Kedukaan mendalam dirasakan seluruh warga Selandia Baru atas kasus teror penembakan yang menyerang Masjid Al Noor di kota Christchurch.
Seperti yang dilansir dari Kompas.com, beredar sebuah video yang menunjukkan aksi gila penembakan terhadap jemaah di Masjid Al Noor, Christchurch pada Jumat (15/3/2019).
Dalam rekaman tersebut terlihat seorang pria keluar dari mobil dan mengambil senjata yang diletakkan di kap belakang mobilnya.
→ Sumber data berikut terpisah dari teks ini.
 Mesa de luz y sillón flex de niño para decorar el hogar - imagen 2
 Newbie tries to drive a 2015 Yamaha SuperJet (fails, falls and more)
Ia kemudian melangkahkan kaki menyusuri jalan menuju sebuah masjid dan mulai melancarkan aksi brutalnya.
Tak berapa lama pria itu memberondong para jemaah dengan tembakan secara brutal.
Puluhan orang dilaporkan meninggal dalam tragedi berdarah ini.
Tak hanya di Masjid Al Noor, penembakan juga terjadi di Masjid Lindwood yang juga berlokasi di Kota Christchurch.
Sadisnya, aksi ini juga sempat disiarkan secara live (langsung) di Facebook.
Melansir dari Suar.id, kepolisian Christchurch juga menemukan dua bom rakitan yang dipasang di mobil pelaku.
Namun, dua bom tersebut sudah berhasil dijinakkan.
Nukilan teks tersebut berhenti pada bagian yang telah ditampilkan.